The impact of immigration: looking beyond the labour market

At the fourth event of the series “Policy Implications of Recent Globalization Research” Anna Maria Mayda talked about the fiscal effects of immigration.

In her presentation on 30 June 2021, Anna Maria Mayda (Georgetown University and CEPR) argued that the fiscal effects of immigration are much more significant than the effects on labour markets, but that evidence on fiscal effects is lacking. The main channels by which immigration has fiscal effects is through tax revenues and the provision of public goods. Recent evidence suggests that inflow of immigrants has in fact small and insignificant effects on such channels, while it affects political outcomes, following fears among the population for reduction in tax revenues and public goods.

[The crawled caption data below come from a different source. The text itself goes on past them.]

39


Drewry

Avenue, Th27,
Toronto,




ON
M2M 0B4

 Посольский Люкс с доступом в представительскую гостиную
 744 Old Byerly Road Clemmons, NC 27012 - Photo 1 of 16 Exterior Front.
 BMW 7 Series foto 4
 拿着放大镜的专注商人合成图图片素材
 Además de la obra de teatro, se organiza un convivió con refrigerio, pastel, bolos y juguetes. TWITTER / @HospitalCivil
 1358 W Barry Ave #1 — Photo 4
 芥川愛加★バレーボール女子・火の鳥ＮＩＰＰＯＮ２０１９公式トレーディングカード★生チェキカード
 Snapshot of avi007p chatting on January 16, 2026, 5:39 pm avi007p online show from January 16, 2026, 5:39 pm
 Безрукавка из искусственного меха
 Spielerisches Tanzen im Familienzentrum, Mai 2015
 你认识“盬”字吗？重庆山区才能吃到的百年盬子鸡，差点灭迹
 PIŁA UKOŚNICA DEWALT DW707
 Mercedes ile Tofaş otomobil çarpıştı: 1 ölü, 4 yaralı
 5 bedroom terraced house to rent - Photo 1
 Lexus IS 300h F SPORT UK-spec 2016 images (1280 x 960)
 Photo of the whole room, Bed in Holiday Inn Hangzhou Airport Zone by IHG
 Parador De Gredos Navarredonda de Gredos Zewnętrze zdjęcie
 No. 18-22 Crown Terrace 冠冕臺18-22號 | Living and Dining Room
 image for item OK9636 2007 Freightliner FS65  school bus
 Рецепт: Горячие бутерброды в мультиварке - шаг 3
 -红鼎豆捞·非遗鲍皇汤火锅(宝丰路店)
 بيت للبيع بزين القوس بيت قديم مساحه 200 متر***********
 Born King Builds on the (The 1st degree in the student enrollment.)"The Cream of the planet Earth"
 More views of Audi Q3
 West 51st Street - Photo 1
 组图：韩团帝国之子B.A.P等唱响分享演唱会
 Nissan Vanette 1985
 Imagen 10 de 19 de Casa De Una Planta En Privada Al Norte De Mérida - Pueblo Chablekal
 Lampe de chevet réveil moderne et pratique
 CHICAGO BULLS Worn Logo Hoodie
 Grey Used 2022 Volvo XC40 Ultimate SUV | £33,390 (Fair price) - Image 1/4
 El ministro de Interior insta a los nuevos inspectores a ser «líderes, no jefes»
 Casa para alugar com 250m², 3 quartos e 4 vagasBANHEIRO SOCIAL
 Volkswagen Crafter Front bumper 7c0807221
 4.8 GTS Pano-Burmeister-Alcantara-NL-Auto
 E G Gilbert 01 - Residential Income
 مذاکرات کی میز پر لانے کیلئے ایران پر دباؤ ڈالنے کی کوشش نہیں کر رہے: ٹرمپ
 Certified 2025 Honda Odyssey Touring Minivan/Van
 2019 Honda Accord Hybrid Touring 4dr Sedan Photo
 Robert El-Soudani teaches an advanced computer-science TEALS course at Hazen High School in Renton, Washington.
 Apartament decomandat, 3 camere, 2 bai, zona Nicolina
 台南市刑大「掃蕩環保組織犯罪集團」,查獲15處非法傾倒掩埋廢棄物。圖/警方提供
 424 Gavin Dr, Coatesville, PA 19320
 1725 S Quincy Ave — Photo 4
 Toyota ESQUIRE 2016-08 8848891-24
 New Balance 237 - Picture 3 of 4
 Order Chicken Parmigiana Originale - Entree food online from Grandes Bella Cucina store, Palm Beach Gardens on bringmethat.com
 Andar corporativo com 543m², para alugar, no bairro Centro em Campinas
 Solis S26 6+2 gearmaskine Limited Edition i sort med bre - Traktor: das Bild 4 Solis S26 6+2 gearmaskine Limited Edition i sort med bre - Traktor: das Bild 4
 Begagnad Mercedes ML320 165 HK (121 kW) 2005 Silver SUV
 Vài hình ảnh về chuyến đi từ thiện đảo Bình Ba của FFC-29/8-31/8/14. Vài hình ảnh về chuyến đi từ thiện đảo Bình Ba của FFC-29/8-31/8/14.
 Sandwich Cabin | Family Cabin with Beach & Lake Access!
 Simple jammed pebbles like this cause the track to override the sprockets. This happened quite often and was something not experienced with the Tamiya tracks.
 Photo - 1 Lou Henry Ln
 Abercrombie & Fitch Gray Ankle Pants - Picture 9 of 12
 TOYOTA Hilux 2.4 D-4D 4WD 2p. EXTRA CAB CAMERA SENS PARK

Anna Maria Mayda also pointed to evidence that immigration affects housing prices, but not education expenditure. In all cases, whether the impact of immigration is positive or negative depends on whether it entails the inflow of low-skilled or high-skilled workers. Lastly, Anna Maria Mayda made two additional comments. First, she argued that the welfare state has made it possible for governments to manage public opposition to globalization, but increased immigration may affect the existing safety nets (and in turn opposition to globalization) because of changes in the composition of the population (and thus redistribution of public goods). On the other hand, immigration entails often the inflow of people that are of working age, which may help countries that have seen a recent growth in the old-age dependency rate.

The event series “Policy Implications of Recent Globalization Research” is organised by the German Development Institute / Deutsches Institut für Entwicklungspolitik (DIE), Brookings, CEP-LSE and CEPR.